I spoke with the owners of four restaurants and two caterers that are open for takeout to find out how they are able to stay in business. They all said they would have folded if they had not seen the continuous and generous support from the community. Even though they are dedicated to making a living, and helping their employees support their families, these business owners would not have been able to weather this storm. One popular fast-food restaurateur told me, “If I were a regular non-kosher, store-front place somewhere else in LA, I wouldn’t stand a chance.”
Why has the community rallied so strongly behind these businesses? Local kosher places have developed a loyal fan base. When you stop in for lunch or dinner you are chatting with the owner. They provide a personal touch when catering local family celebrations or shiva meals. When you know the person who is delivering the food, and they stand behind their order, it builds a relationship that can be enduring. It was not uncommon for the owner themselves to deliver the food and oversee the presentation.
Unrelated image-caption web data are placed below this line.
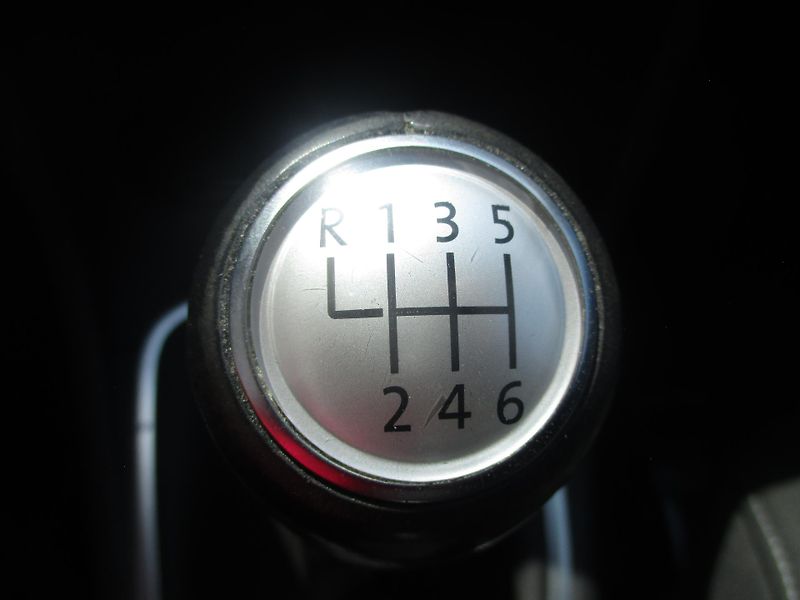 Volkswagen Polo 1.2 TSi - fotka 23 z 31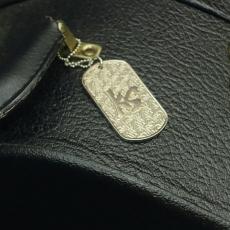 Gibson Kazuyoshi Saito J-160E 2016_11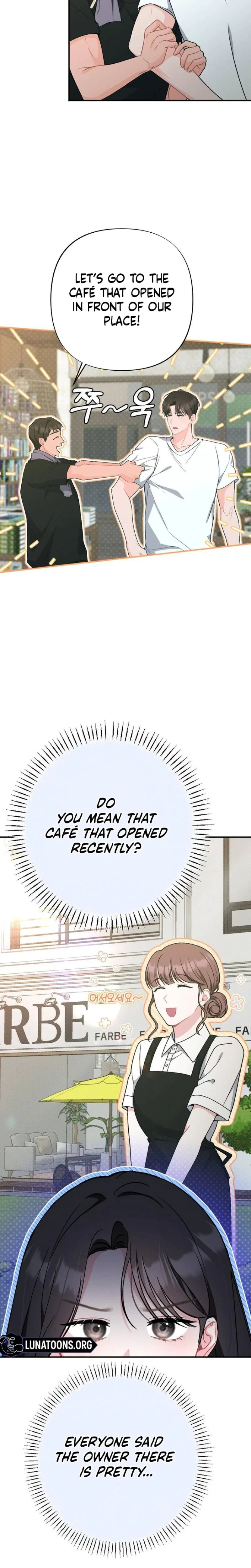 Chapter 14, page 8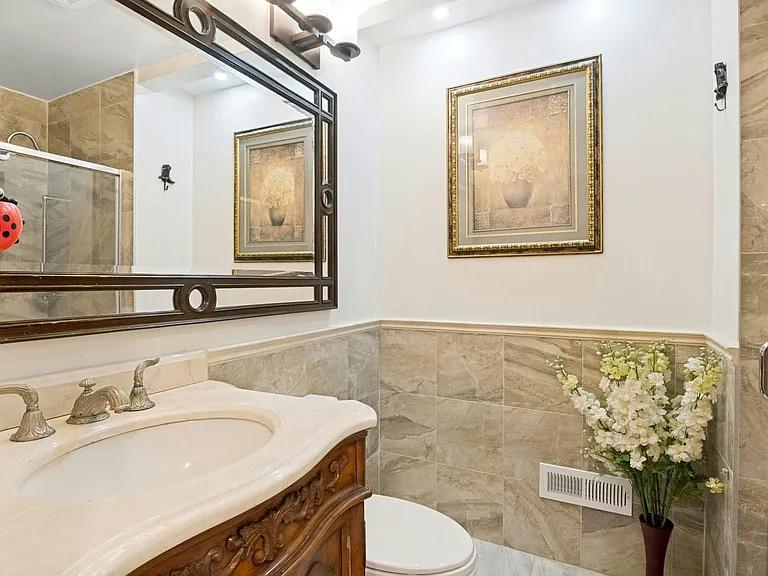 12 Warnke Ln — Photo 32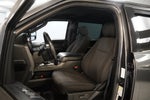2018 Ford F-150 XLT CREW CAB (4X4)
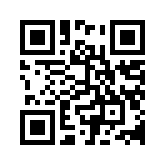 QR-Code https://ppt.cc/N3xV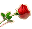 Image with missing alt attribute found on dorar-aliraq.net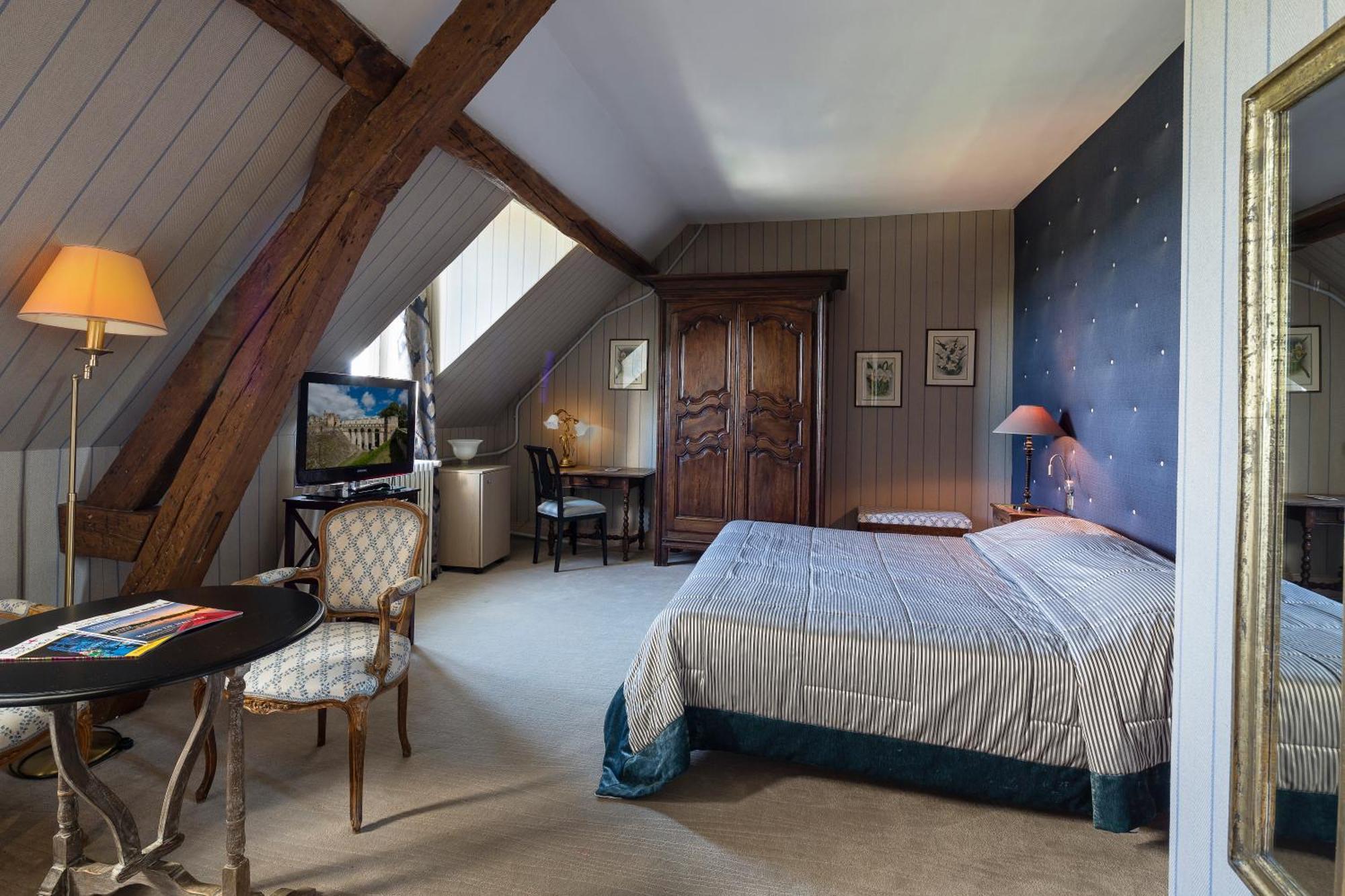 Standard Double Room,1554016729:JPEG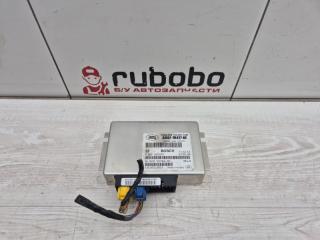 Блок управления раздаткой Land Rover Range Rover 2012 контрактная Блок управления раздаткой Land Rover Range Rover 2012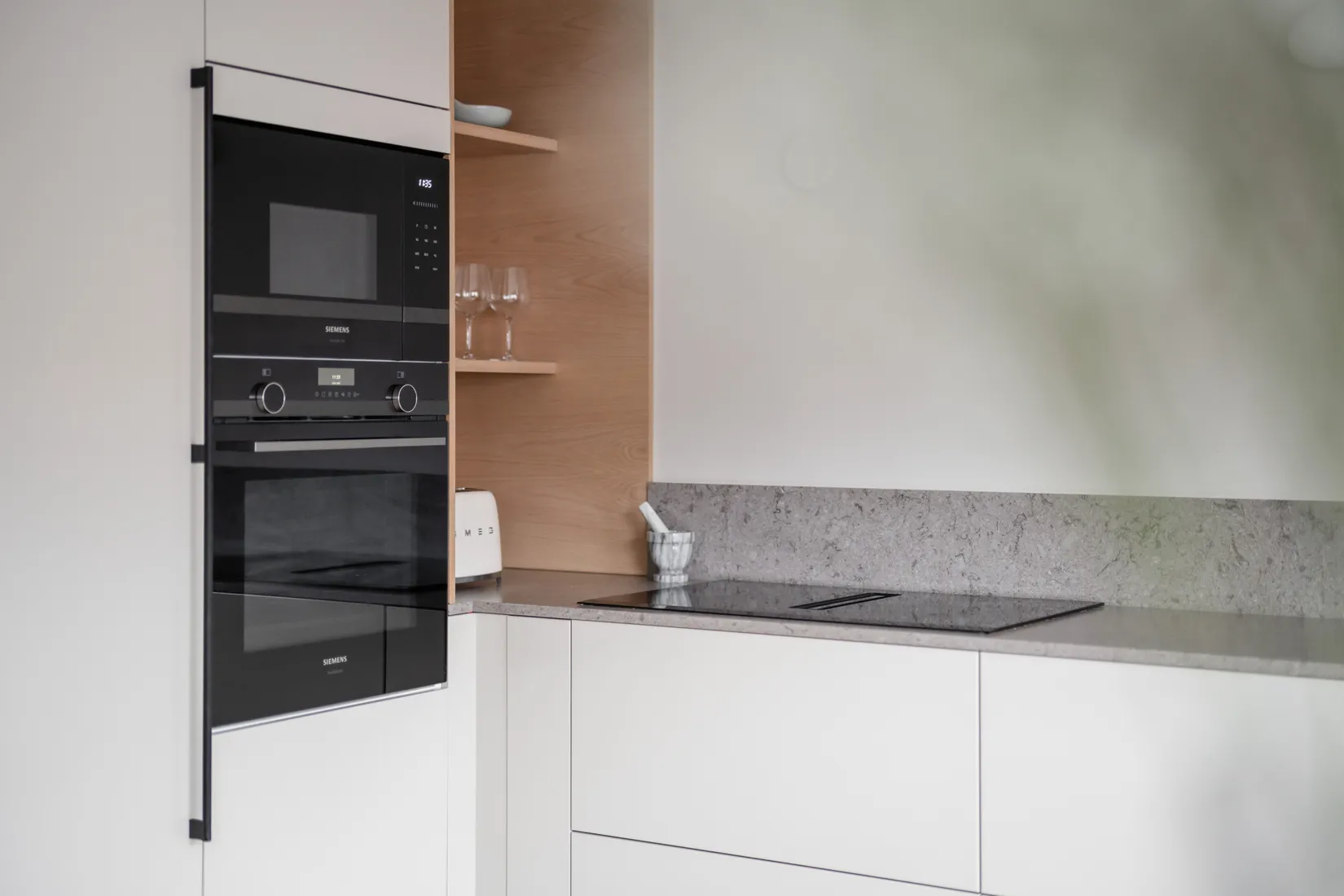 Bostadsrätt, Torstensonsgatan 57, Centrum, Borås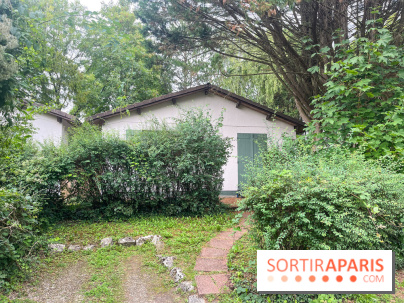 Le camping les Courtilles du Lido, à Morêt-sur-Loing - image00184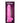 Fantasia Ballsy Dildo - Pink - 4.5in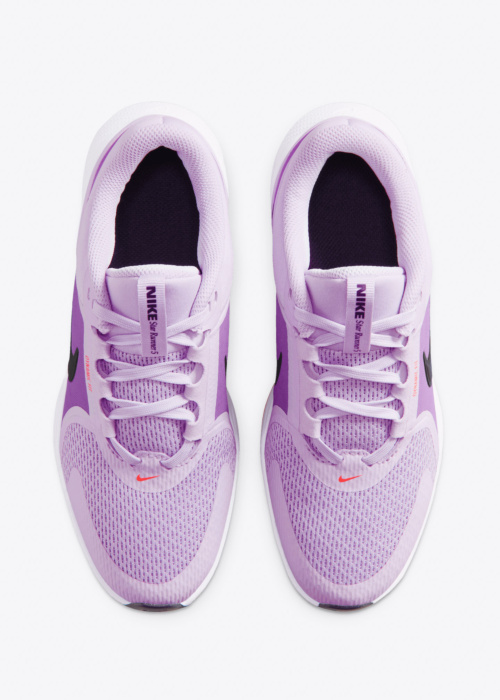 Беговые кроссовки Star Runner 5 Gs Nike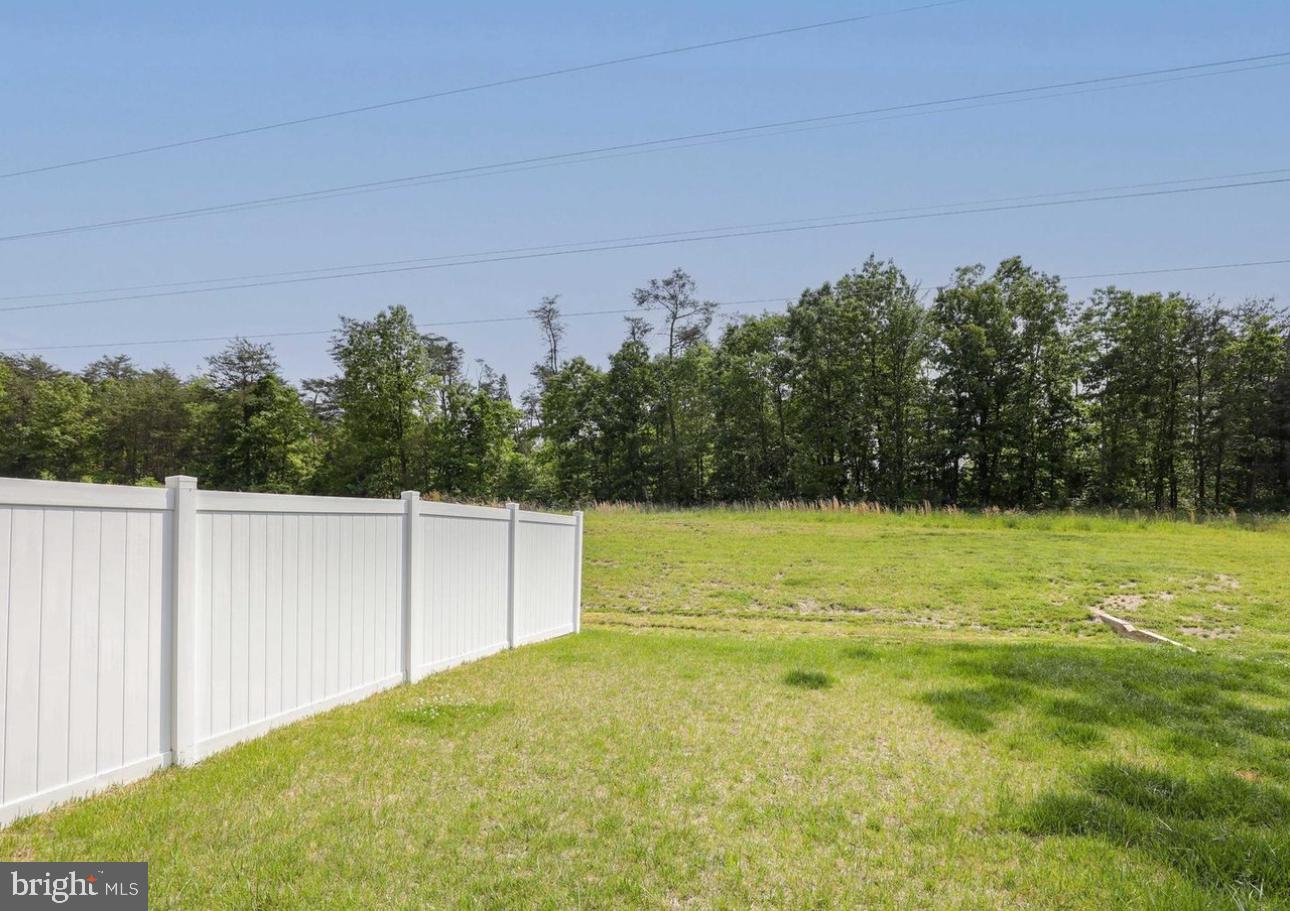 WHISPERING PINES - Residential Lease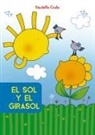 Nicoletta Costa - El Sol Y El Girasol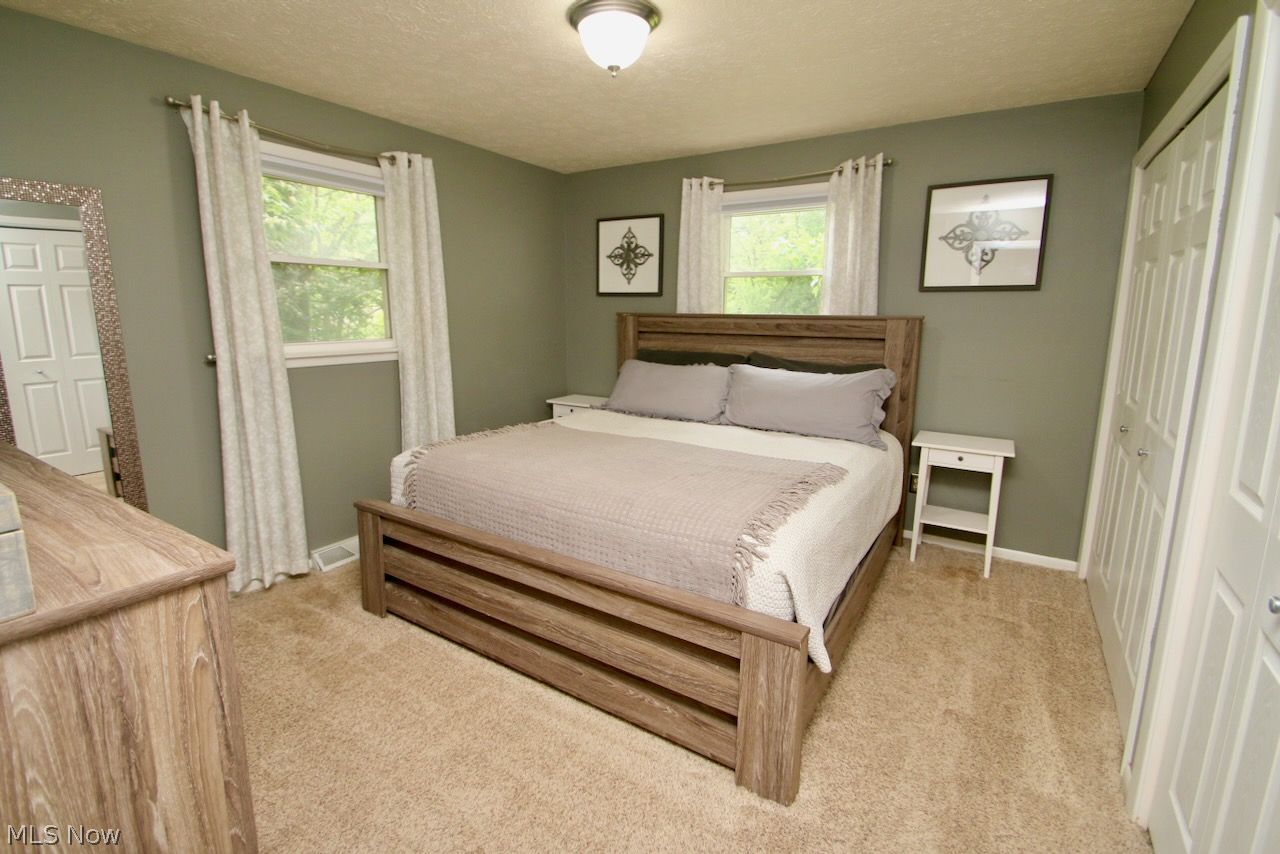 7301 Welland Drive Mentor OH 44060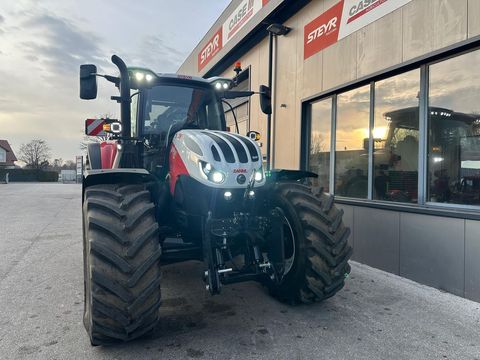 [3383-6436575-10.jpg]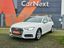 brugt Audi A4 40 TFSi Sport Prestige Avant S-tr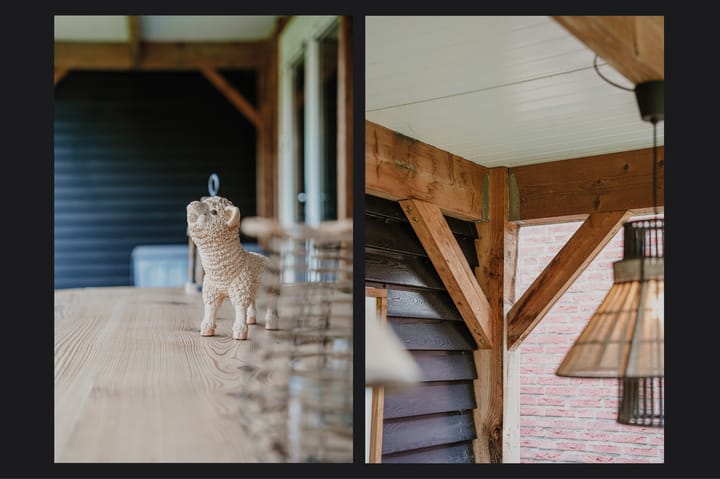 Foto 26 van Maasdijk 18-C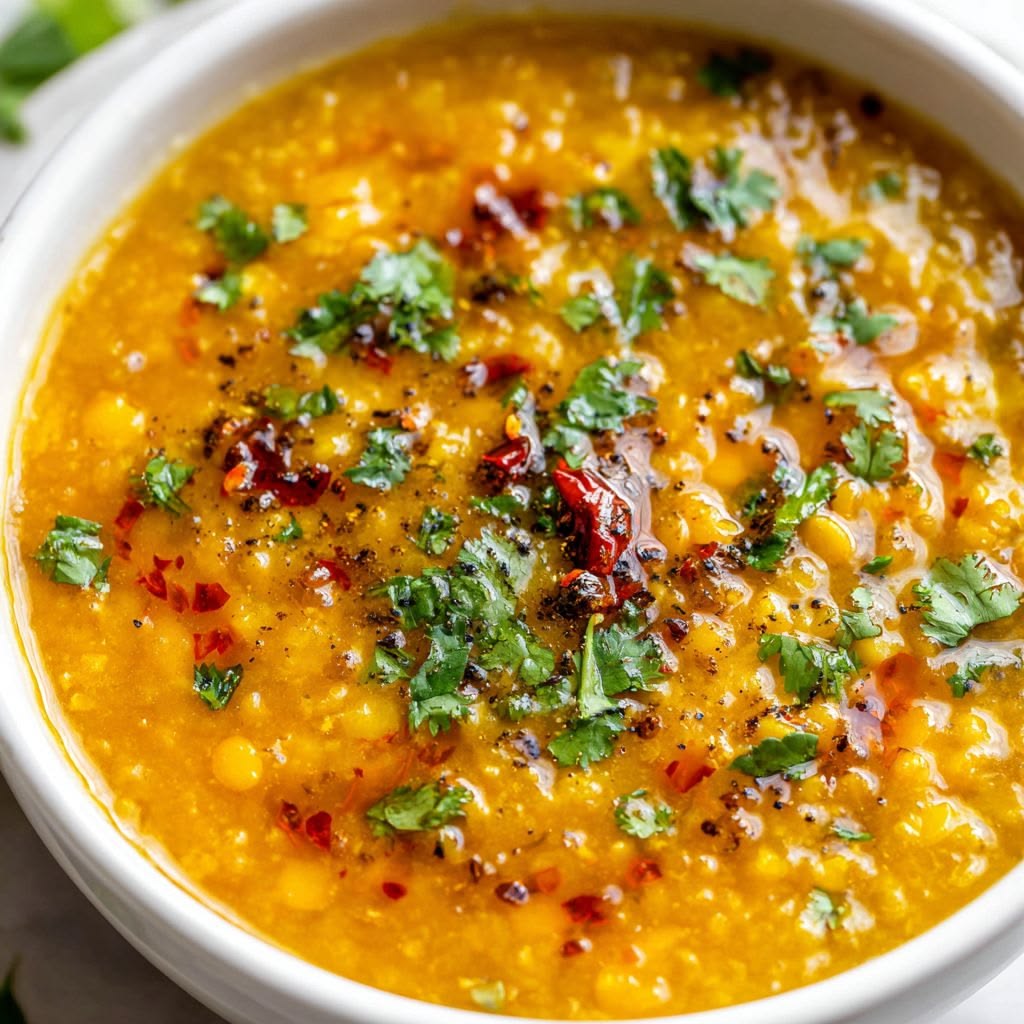 India-Light-lentil-dishes-like-simple-dals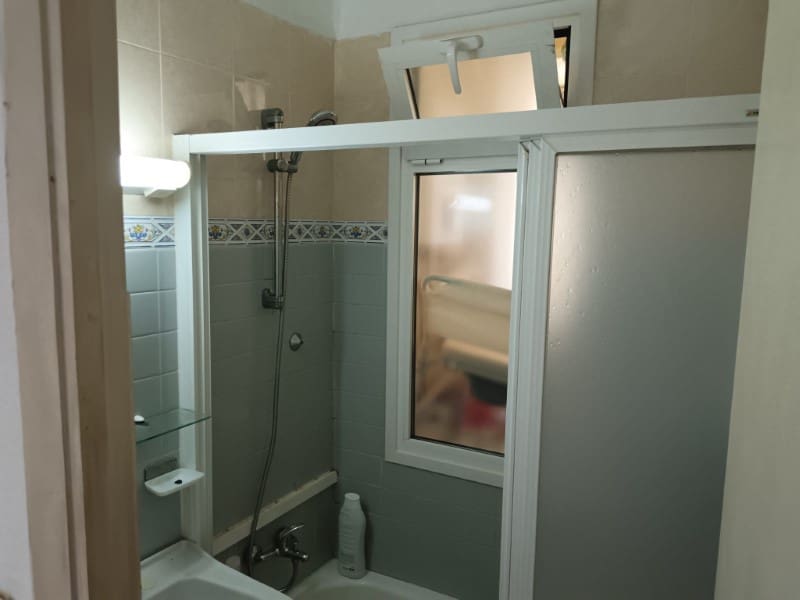 3 soveværelse Lejlighed til salg i Ferrol - € 89.000 (Ref: 9438488)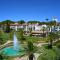Vila Vita Parc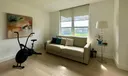 7582 NE Regency Lake Dr #301 Photo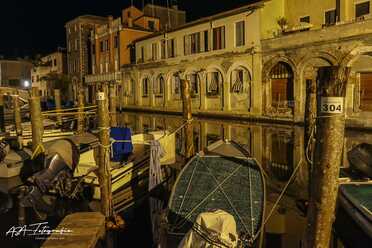 Chioggia - 2019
Many of the kosher places still in business were also known for their generosity and community involvement long before the crisis hit. Synagogues, youth groups, and schools often asked them for gift cards for raffles, donations for programs, and discounts on catering orders. During our eleven years running Jewish nonprofits in Los Angeles we have experienced the kindness of many of the restaurant’s owners every year as I’m sure many other groups did as well. These businesses never said “no” to a donation request.
Lastly, I believe in the fundamental Jewish principle of middah k’neged middah, measure for measure. How we deal with others is how we ourselves will be treated. Middah k’neged middah is a Divine accounting of our world, and the merits that we accrue through our righteous deeds are there for us in times of need. Many of these kosher restaurants that are managing to stay open now were known for outsized chesed (loving kindness) to our community’s most disadvantaged. The most popular restaurants and the caterers on Pico’s “Kosher Strip” are known for giving away food on Fridays to those in need, and giving food to the homeless people who wander in every single day.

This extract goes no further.